**Task statement**
What you return must be the data below, word for word, without any images.

= Beginning of Section =

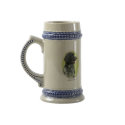 Large Munsterlander 9W020D-065 oval mugs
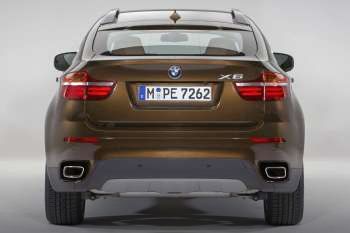 BMW X6 2012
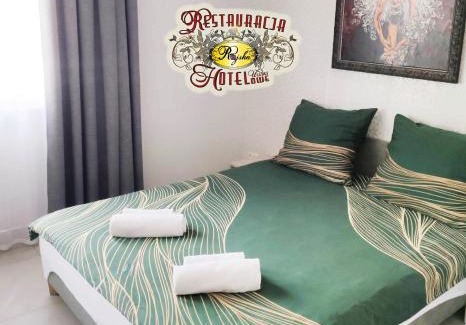 Lubliniec Hotel | Uslugi Hotelowe Restauracja Rajska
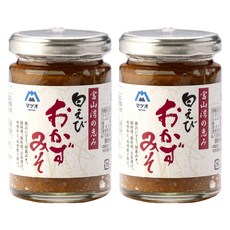 白蝦味噌醬, 2個, 140g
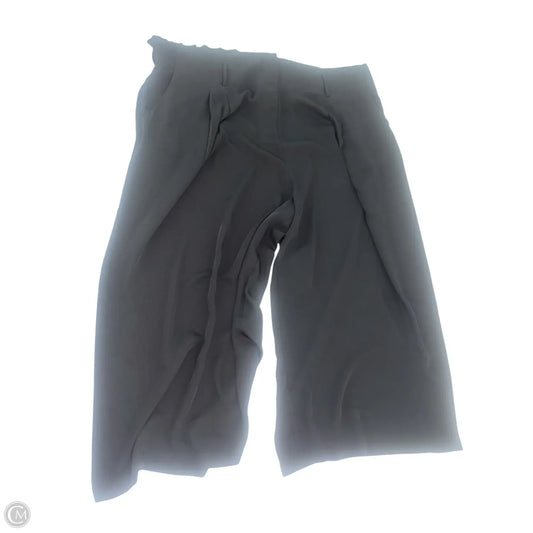 Pants Wide Leg By City Chic In Black, Size: 24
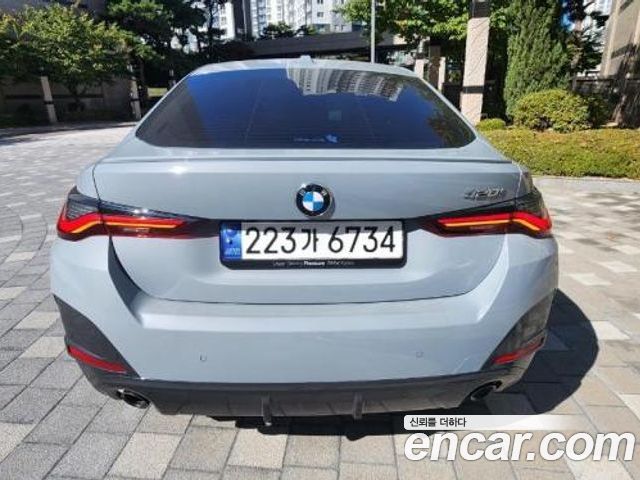 BMW 4 Series 2024 — фото 2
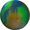 Trending Product : Roto Grip Hustle Earth Solid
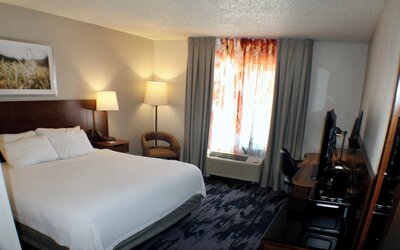 Fairfield Inn By Marriott Boise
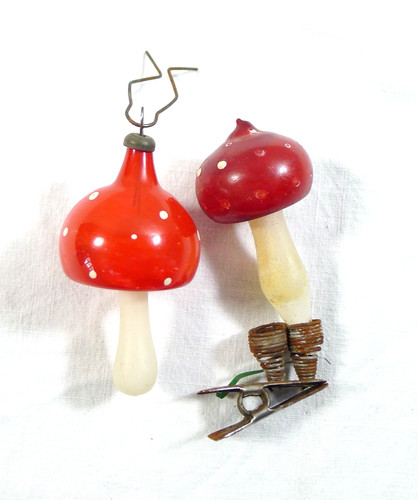 Addobbo natale vintage - natale,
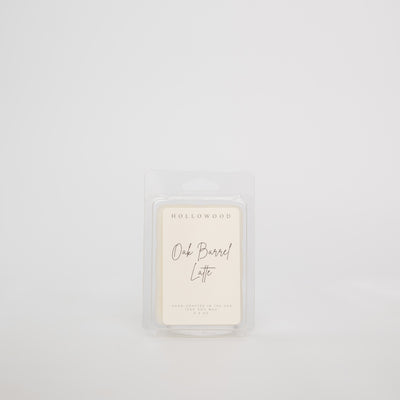 OAK BARREL LATTE | WAX MELT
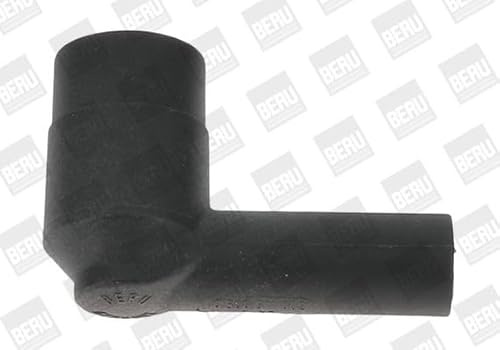 BorgWarner (BERU) OE6/1 Zündkerzenstecker Kompatibel mit AUSTIN ALLEGRO Schrägheck ADO 67 0 300 311 002 0300311002 238155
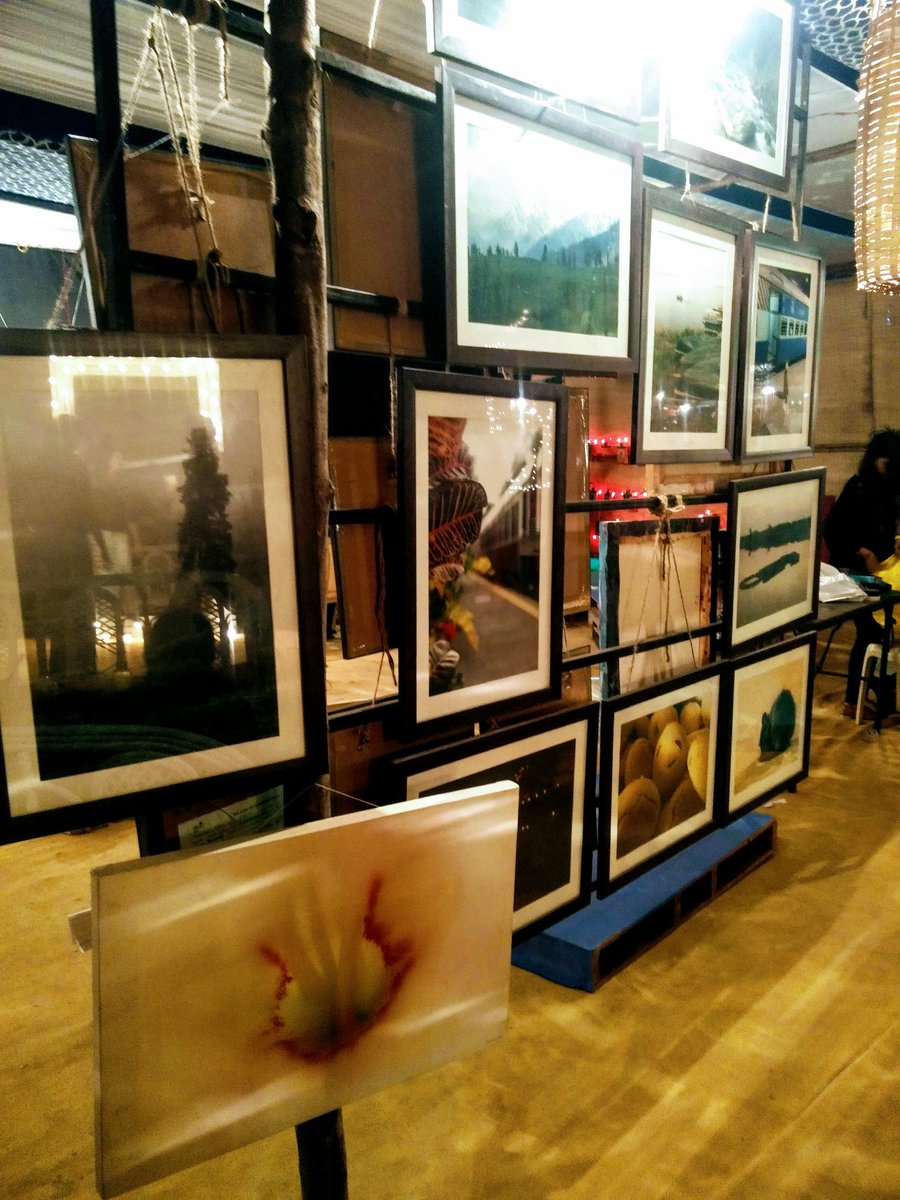 VinitaDaki's tweet image. Some more awesomeness by @mehulgohil at the #Lilflea !! Woohooooo!! Missed meeting you though!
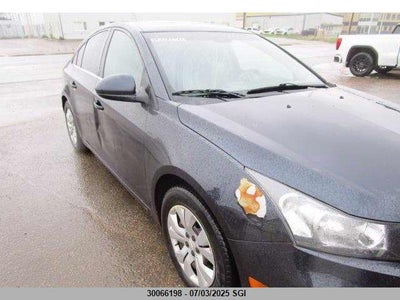CHEVROLET CRUZE LIMITED 2016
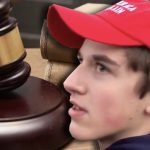 Slandered Christian Teenager Refuses to Abandon Legal Fight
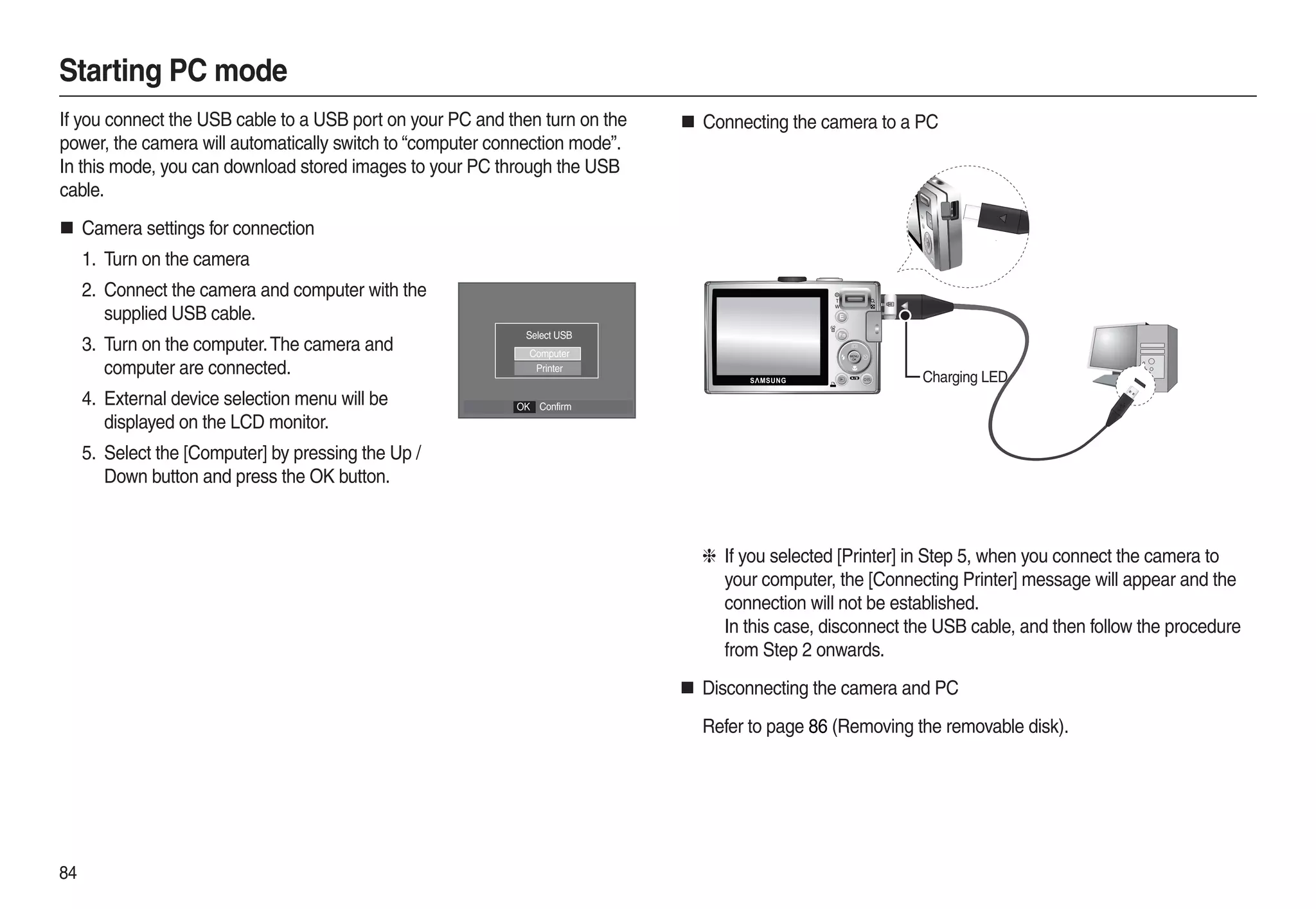 Samsung Camera L210 User Manual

= End of Section =

**Solution**
 Large Munsterlander 9W020D-065 oval mugs
 BMW X6 2012
 Lubliniec Hotel | Uslugi Hotelowe Restauracja Rajska
 白蝦味噌醬, 2個, 140g
 Pants Wide Leg By City Chic In Black, Size: 24
 BMW 4 Series 2024 — фото 2
 Trending Product : Roto Grip Hustle Earth Solid
 Fairfield Inn By Marriott Boise
 Addobbo natale vintage - natale,
 OAK BARREL LATTE | WAX MELT
 BorgWarner (BERU) OE6/1 Zündkerzenstecker Kompatibel mit AUSTIN ALLEGRO Schrägheck ADO 67 0 300 311 002 0300311002 238155
 VinitaDaki's tweet image. Some more awesomeness by @mehulgohil at the #Lilflea !! Woohooooo!! Missed meeting you though!
CHEVROLET CRUZE LIMITED 2016
 Slandered Christian Teenager Refuses to Abandon Legal Fight
 Samsung Camera L210 User Manual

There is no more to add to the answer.